-- Extracted records follows --
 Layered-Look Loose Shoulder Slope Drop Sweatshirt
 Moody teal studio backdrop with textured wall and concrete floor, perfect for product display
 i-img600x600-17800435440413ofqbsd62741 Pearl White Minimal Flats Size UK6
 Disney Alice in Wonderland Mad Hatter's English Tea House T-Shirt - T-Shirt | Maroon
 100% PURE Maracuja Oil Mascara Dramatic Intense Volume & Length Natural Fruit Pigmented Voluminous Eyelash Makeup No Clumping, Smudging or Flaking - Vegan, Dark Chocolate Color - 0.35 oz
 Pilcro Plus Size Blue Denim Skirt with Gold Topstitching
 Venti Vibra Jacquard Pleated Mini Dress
-- Extracted records concluded --
-- Extracted records follows --
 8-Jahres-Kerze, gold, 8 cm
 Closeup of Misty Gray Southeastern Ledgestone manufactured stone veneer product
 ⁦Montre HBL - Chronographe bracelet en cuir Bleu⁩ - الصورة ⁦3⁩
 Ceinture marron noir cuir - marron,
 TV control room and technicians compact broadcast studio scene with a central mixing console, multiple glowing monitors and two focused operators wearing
-- Extracted records concluded --
-- Extracted records follows --
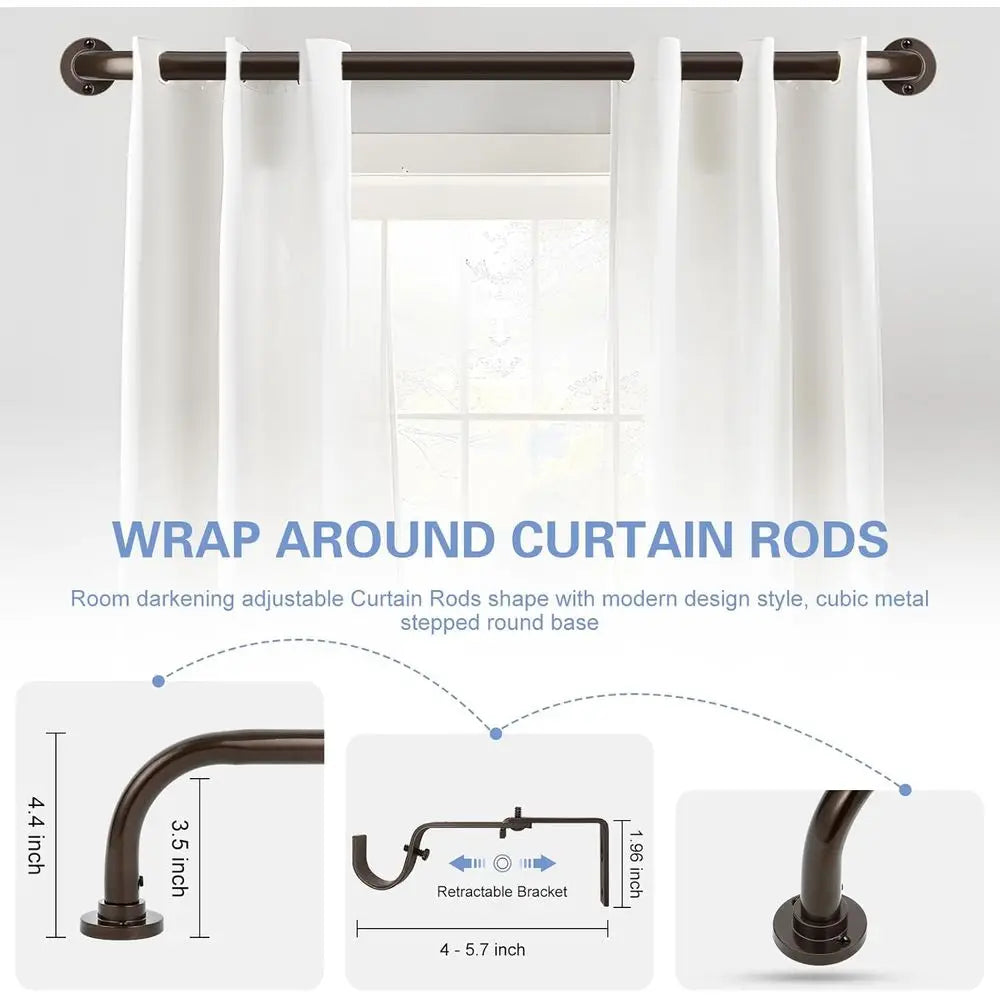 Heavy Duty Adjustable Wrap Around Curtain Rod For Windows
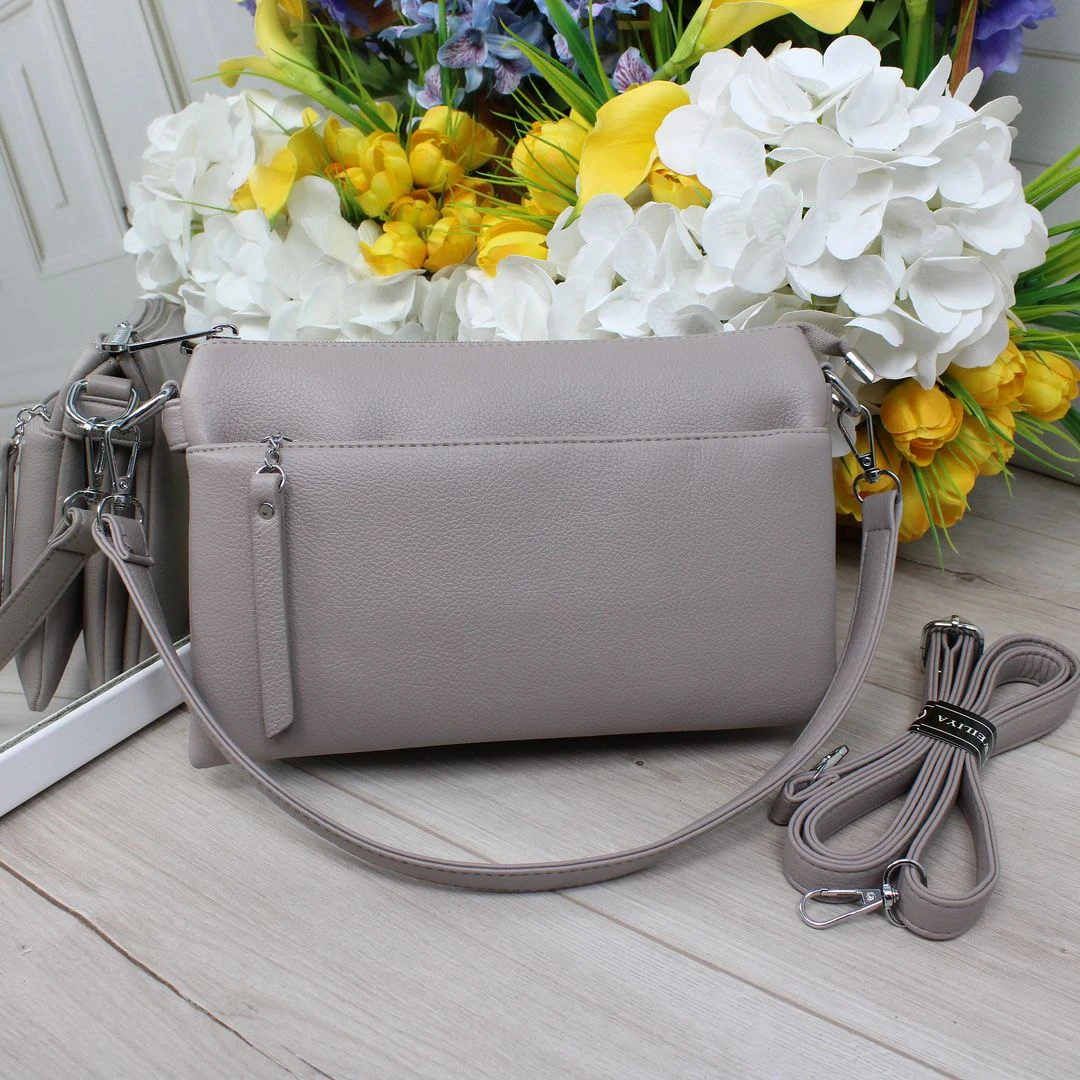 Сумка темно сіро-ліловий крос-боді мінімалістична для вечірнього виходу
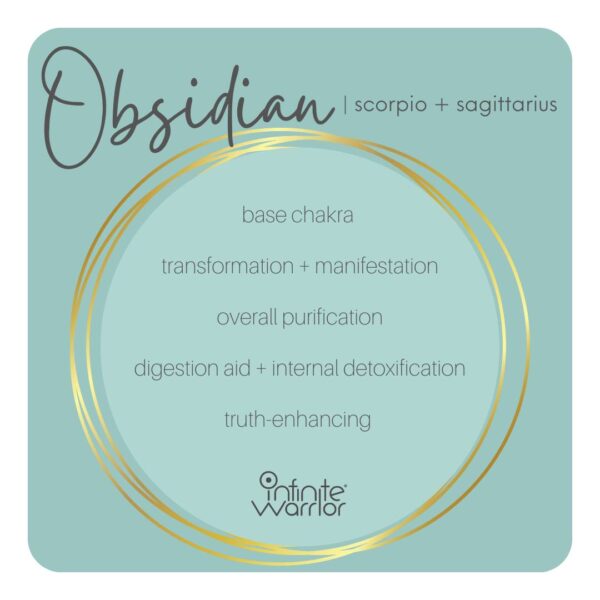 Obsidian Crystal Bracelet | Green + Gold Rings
-- Extracted records concluded --
Work to complete:
Show all lines above holding the word "with".

Response:
 Moody teal studio backdrop with textured wall and concrete floor, perfect for product display
 Pilcro Plus Size Blue Denim Skirt with Gold Topstitching
 TV control room and technicians compact broadcast studio scene with a central mixing console, multiple glowing monitors and two focused operators wearing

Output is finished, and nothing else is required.